How can it be that here in Ohio you too are met with no audience today? I could not find your books in any bookstore here, nor your words memorialized on any monument. I even searched through the pages of the rich and nuanced volume The Eastern Shawnee Tribe of Oklahoma: Resilience through Adversity, edited by Stephen Warren and published by the University of Oklahoma Press in 2017 and hoped to see your words or name appear, especially in Part III of the book called ‘Becoming Our Own Storytellers’, alongside the words of Elise Mae “Sis” Captain Hoevet, introduced and transcribed by your Chief Glenna J. Wallace, or those of Second Chief of the Shawnee Tribe, Benjamin J. Barnes, whose essay on tribal nations engaging with academia really hit home for me. But you were not here either.

Just across the High Street/US 23 from where I sit, there is a new art installation (although the artist here too seems to go unnamed) that comprises the word for ‘friendship’ in many different languages. I have yet to see if ‘friendship’ is there in Shawnee. Back to ‘Past Tense’, you begin the poem by referencing the Shawnee language in a way that now on reflection makes sense of why someone may have conflated Lazarus Shale with your great-grandfather:

The last Shawnee speaker in my family was my great-grandfather. Shipped away to boarding school as a young child, his language slipped from story to sentence, sentence to fragment, fragment to adjective, leaving him with the sparsest scattering of nouns to pass down – a starvation harvest of syntax-starved images.

I know the words for elk and water. There are other Shawnee nouns as dense as koans with metaphor and meaning, but they remain inscrutable to me.

Your poem makes me think of curriculum. I have just returned from a conference in Dayton, Ohio on Curriculum Theorizing and before introducing the final keynote speaker on Saturday night, professor Tom S. Poetter of Miami University recited the Miami University Land Acknowledgment:

In addition to this Land Acknowledgment as a statement of action and commitment, Poetter also celebrated the work of the Myaamia Center’s director, Daryl Baldwin, who in 2016 received a MacArthur “genius grant” for his work language revitalization.

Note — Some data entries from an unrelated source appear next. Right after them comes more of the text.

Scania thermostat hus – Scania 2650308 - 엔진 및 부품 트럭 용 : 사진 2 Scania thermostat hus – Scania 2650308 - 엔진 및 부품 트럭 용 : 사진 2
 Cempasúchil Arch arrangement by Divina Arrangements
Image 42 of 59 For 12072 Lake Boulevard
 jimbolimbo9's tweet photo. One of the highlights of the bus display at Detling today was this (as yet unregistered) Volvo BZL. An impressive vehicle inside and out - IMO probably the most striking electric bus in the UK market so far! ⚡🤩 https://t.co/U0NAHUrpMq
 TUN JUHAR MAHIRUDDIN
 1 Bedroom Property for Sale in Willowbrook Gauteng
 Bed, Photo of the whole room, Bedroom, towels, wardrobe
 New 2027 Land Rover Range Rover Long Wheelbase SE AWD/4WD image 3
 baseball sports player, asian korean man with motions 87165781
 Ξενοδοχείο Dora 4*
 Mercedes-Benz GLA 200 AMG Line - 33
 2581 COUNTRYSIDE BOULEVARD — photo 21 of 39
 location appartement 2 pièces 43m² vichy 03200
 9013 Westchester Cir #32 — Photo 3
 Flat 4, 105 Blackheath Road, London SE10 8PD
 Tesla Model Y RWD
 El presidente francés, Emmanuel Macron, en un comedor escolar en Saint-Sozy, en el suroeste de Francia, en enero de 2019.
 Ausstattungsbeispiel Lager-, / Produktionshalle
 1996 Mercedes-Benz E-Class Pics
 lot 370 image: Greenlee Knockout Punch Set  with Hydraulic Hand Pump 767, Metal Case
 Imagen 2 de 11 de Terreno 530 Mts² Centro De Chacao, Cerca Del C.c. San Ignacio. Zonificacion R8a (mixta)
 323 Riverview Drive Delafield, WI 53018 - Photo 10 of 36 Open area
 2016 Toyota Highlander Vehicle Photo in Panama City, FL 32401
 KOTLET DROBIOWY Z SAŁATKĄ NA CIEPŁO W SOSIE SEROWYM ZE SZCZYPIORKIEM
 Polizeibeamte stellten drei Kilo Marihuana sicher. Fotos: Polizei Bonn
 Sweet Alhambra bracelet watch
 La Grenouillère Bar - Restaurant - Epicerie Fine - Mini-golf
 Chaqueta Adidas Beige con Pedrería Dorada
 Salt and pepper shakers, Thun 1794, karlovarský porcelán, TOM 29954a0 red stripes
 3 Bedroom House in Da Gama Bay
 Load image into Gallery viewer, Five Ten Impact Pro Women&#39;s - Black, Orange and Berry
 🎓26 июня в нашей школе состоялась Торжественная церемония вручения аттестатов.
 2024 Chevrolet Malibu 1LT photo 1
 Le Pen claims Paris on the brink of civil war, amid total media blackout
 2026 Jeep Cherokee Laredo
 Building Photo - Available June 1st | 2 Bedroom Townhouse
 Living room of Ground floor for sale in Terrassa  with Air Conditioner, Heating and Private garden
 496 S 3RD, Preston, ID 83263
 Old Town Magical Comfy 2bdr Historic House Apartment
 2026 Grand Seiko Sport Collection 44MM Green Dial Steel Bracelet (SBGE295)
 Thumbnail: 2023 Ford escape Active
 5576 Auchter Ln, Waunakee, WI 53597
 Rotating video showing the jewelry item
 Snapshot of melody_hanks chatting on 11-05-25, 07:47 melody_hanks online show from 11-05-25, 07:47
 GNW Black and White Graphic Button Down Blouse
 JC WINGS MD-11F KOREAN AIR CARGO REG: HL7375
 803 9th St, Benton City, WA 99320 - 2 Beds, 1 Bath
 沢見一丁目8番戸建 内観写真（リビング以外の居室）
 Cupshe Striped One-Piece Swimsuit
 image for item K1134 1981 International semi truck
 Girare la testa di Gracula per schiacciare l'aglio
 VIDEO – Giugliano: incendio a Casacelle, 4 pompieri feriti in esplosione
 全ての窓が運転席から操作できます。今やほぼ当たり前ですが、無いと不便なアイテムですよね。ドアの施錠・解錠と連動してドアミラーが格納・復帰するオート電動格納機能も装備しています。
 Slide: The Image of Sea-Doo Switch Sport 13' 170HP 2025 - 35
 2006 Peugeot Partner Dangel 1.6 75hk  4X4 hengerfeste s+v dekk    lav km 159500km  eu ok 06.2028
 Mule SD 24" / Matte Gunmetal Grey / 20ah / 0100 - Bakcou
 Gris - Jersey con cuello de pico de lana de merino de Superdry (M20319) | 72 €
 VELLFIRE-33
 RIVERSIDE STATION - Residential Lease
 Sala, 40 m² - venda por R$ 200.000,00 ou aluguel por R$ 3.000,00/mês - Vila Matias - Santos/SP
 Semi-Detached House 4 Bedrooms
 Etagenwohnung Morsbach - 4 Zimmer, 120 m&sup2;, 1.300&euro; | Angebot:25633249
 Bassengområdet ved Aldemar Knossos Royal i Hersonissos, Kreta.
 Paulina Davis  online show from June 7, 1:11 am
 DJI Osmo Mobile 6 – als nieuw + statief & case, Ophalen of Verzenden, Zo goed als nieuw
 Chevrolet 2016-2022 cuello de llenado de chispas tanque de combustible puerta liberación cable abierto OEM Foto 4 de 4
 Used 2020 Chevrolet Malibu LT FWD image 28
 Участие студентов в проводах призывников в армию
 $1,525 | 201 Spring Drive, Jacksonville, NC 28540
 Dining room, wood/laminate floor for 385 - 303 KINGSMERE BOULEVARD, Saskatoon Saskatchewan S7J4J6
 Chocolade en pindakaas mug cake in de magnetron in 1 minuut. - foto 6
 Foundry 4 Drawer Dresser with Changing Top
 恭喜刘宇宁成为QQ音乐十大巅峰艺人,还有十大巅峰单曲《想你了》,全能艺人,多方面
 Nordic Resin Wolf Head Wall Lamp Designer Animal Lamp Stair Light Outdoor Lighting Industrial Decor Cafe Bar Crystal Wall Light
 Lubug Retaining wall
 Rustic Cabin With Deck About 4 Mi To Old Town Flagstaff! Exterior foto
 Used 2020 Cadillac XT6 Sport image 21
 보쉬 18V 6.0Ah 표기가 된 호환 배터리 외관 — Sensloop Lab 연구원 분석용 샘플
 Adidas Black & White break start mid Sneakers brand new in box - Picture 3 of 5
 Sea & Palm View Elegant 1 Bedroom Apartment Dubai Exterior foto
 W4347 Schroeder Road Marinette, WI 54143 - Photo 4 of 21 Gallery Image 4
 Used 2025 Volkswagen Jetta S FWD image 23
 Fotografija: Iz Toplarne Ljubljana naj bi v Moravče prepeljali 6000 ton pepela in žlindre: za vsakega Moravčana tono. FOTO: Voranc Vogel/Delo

This moment of acknowledgment and celebration at a conference when so much of our focus was on resisting right-wing fearmongering attacks here in Ohio, as well as in Oklahoma, Florida and Texas, on education and curriculum, superficially through a caricature of Critical Race Theory, took me back once again to your poetry, and specifically the the appearance of textbooks in the poem that opens your chapbook The Tecumseh Motel (and also included in tributaries): ‘Raven Talks Curriculum’. The poem opens as follows:

Raven curls his talons

against the newspaper rag

of a seventh grade textbook

that attributes his myth

to an anthropologist

who traveled along the Pacific Coast

fifty years ago

recording tribal creation stories.

Later in the poem, the textbook theme returns:

Fifty years ago,

The five most likely

themes employed to describe

Native Americans in textbooks:

Noble Savage

Warrior

Chief

Protestor

White Man’s Helper

2013: the school district procures

new texts – feigned Native narratives.

As if to say with a shrug ,

colonialism had children and grand-children too.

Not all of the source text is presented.